Claire Hargest Slade, Timaru – It’s easy to get hooked into creating labels for how we want to birth. Instead, think about creating an environment where you and your partner feel safe, secure and at ease to do and be how you really are. The actual venue is without consequence, but the relationship of trust and partnership you build with your birth attendants will help this. When women have freedom to move, to position themselves in any manner, to be held as they want or conversely have the peace and privacy they desire at any given moment; then they birth in the instinctual way that is right for them. I created an eight point guideline for birth support people that goes a little like this.
A great book you may enjoy is Gentle Birth, Gentle Mothering by Sarah Buckley.
Rosemary Roberts, Hamilton – This may not be for everyone, but for my second birth I used childbirth hypnosis. It was amazing. I was able to keep myself deeply relaxed through self-hypnosis and since the programme includes a special part for dads; my husband was able to be very active in keeping me relaxed and diverting my focus when needed through cue words and firm touch.

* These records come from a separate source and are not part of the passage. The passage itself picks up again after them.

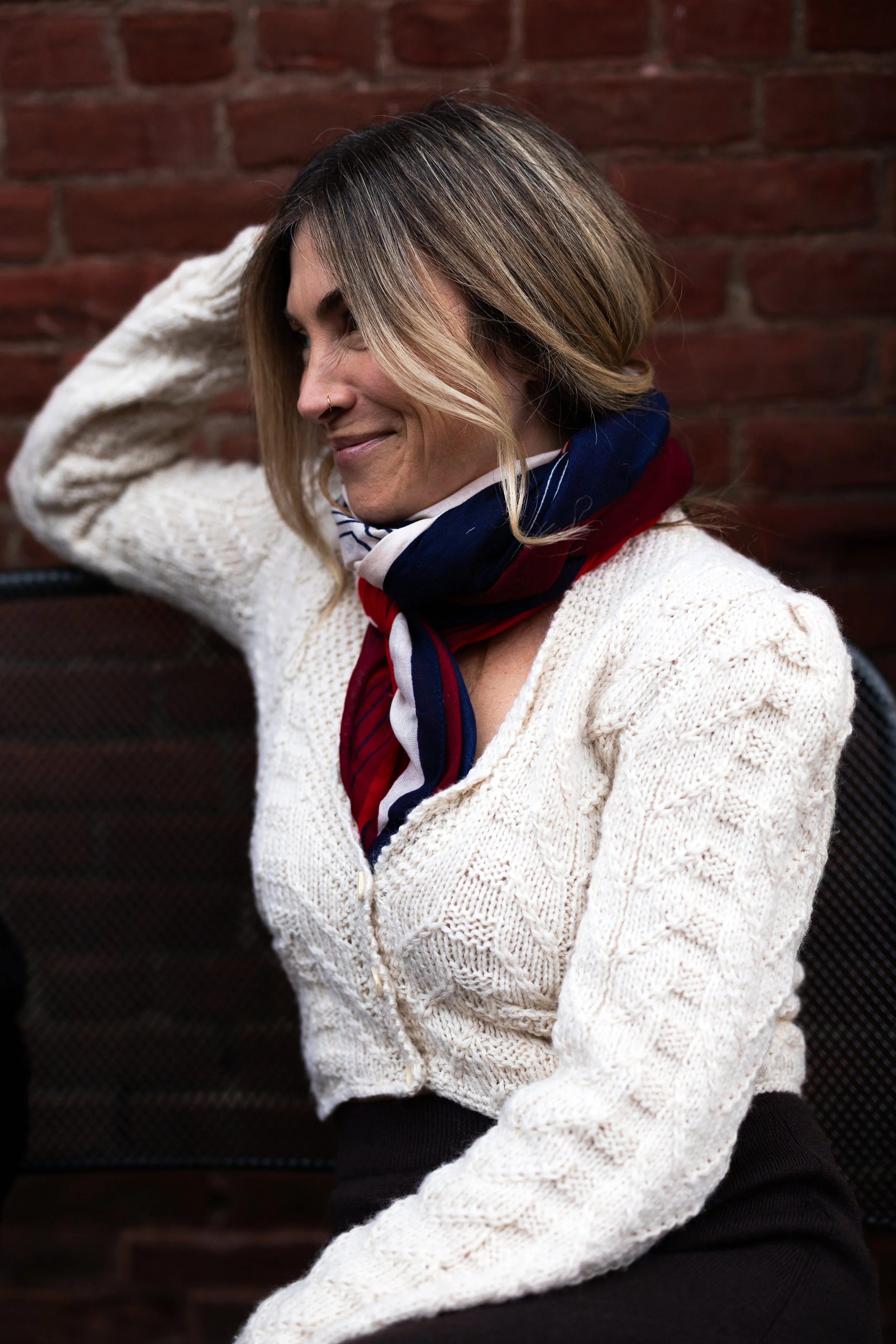 A woman with shoulder-length blonde hair, wearing a white knit sweater and a red, white, and blue scarf, sitting against a brick wall, with a smile and her eyes closed, resting her hand on her head.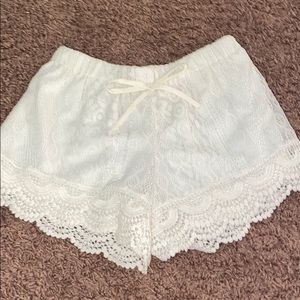 White lace shorts
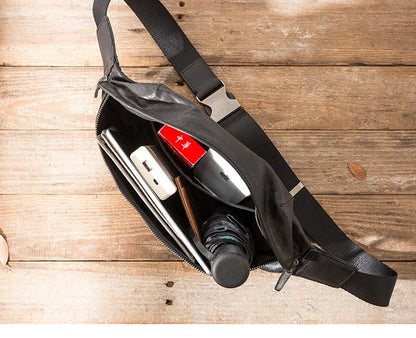 Premium cowhide messenger bag in black, featuring a spacious interior, adjustable shoulder strap, and sleek, minimalist design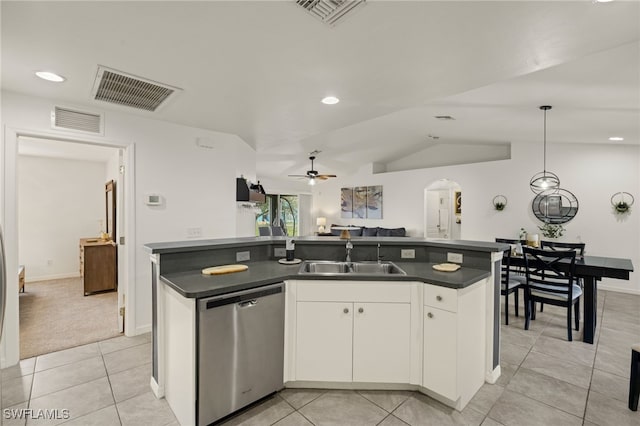 kitchen featuring white cabinets, dishwasher, sink, and an island with sink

Phoebe Quinlivan, Wellington – I had a beautiful home birth experience with our first son, and a big thing for me leading up to and during it was my wholehearted belief and trust that my body knew what to do, and that I was not mentally going to be ‘in control’. My body would just do its thing and I just had to concentrate on keeping as calm and relaxed as possible.
When the contractions started amping up in the early stages, I imagined my cervix as a big thick rubber band that had to be slowly stretched to let the baby through, so each time I began to feel uncomfortable, I imagined pulling that rubber band slowly more and more open. Once things were a little more intense, I stopped thinking anything and just concentrated on breathing through it (and squeezing the bottle of lavender essential oil that I was holding in my hand!). Staying as calm as possible is important in order to let all those lovely pain reducing hormones flow.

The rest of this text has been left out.